L’article R. 772-6 du même code, applicable aux contentieux sociaux dont relève la présente requête, dispose, en outre, que : « Une requête de première instance ne peut être rejetée pour défaut ou pour insuffisance de motivation, notamment en application du 7° de l'article R. 222-1, qu'après que le requérant a été informé du rôle du juge administratif et de la nécessité de lui soumettre une argumentation propre à établir que la décision attaquée méconnaît ses droits et de lui transmettre, à cet effet, toutes les pièces justificatives utiles. / S'il y a lieu, le requérant est ainsi invité à régulariser sa requête dans le délai qui lui est imparti et dont le terme peut être fixé au-delà de l'expiration du délai de recours. Il est informé qu'à défaut de régularisation les conclusions pourront être rejetées comme irrecevables dès l'expiration du délai imparti qui, sauf urgence, ne peut être inférieur à quinze jours. La demande de régularisation tient lieu de l'information prévue à l'article R. 611-7. »
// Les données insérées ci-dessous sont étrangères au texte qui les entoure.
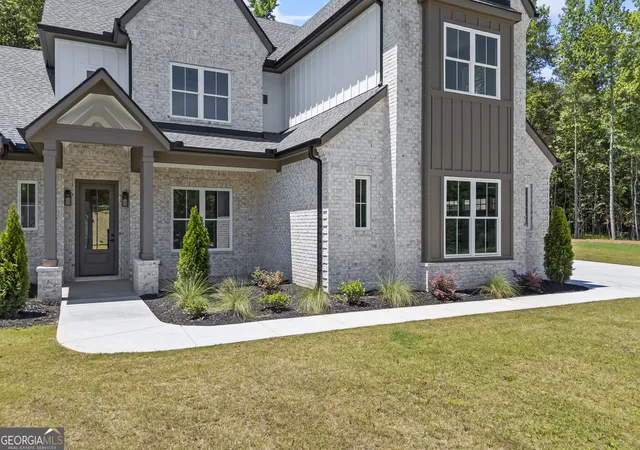 Photo 4 of Single family home for sale at 205 Chariot Ct, Jefferson, GA 30549 | MLS# 10842692 | Listing updated on 2026-09-23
Lorsqu’il statue sur un recours dirigé contre une décision de remise de dette, totale ou partielle, relative à un indu d’aide personnelle au logement, il appartient au juge administratif, eu égard tant à la finalité de son intervention qu’à sa qualité de juge de plein contentieux, non de se prononcer sur les éventuels vices propres de la décision attaquée, mais d’examiner si une remise gracieuse totale ou partielle est justifiée et de se prononcer lui-même sur la demande en recherchant si, au regard des circonstances de fait dont il est justifié par l’une et l’autre parties à la date de sa propre décision, la situation de précarité du débiteur et sa bonne foi justifient que lui soit accordée une remise totale ou partielle.
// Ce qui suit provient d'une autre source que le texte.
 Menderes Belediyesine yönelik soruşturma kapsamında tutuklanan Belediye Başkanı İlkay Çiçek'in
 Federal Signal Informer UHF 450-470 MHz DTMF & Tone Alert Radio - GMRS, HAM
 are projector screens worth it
Si Mme B... soutient être en situation de précarité financière, elle ne précise pas suffisamment la nature et le montant des charges et des ressources de son foyer qui feraient, le cas échéant, obstacle à ce qu’elle puisse rembourser les indus mis à sa charge. Dans ces conditions, Mme B..., à supposer la condition de bonne foi remplie, ne met pas le tribunal en mesure d’apprécier son éventuelle situation de précarité. Le greffe du tribunal a invité Mme B..., par un courrier recommandé avec avis de réception daté du 18 novembre 2025, à compléter sa requête à l’aide d’un formulaire dédié, dans un délai de quinze jours, en application des dispositions de l’article R. 772-6 précité du code de justice administrative. Le greffe l’a invitée à fournir tous les éléments prouvant sa bonne foi et les justificatifs de l’intégralité de ses ressources ainsi que de ses charges actuelles, en l’informant des conséquences de son éventuelle carence. Ce courrier a été retourné au tribunal avec la mention apposée par les services postaux « Pli avisé et non réclamé ». A la date de la présente ordonnance, Mme B... n’a pas complété sa requête. Son argumentation doit être ainsi regardée comme n’étant manifestement pas assortie des précisions permettant au tribunal d’en apprécier le bien-fondé. Par suite, il y a lieu de rejeter sa requête en application des dispositions du 7° de l’article R. 222-1 du code de justice administrative.




O R D O N N E :



Article 1er : La requête de Mme B... est rejetée.



Article 2 : La présente ordonnance sera notifiée à Mme A... B....


Fait à Paris, le 27 mars 2026.


Le président de formation de jugement,






J-P. Ladreyt


La République mande et ordonne au préfet de la région d’Île-de-France, préfet de Paris en ce qui le concerne et à tous commissaires de justice à ce requis en ce qui concerne les voies de droit commun, contre les parties privées, de pourvoir à l’exécution de la présente décision.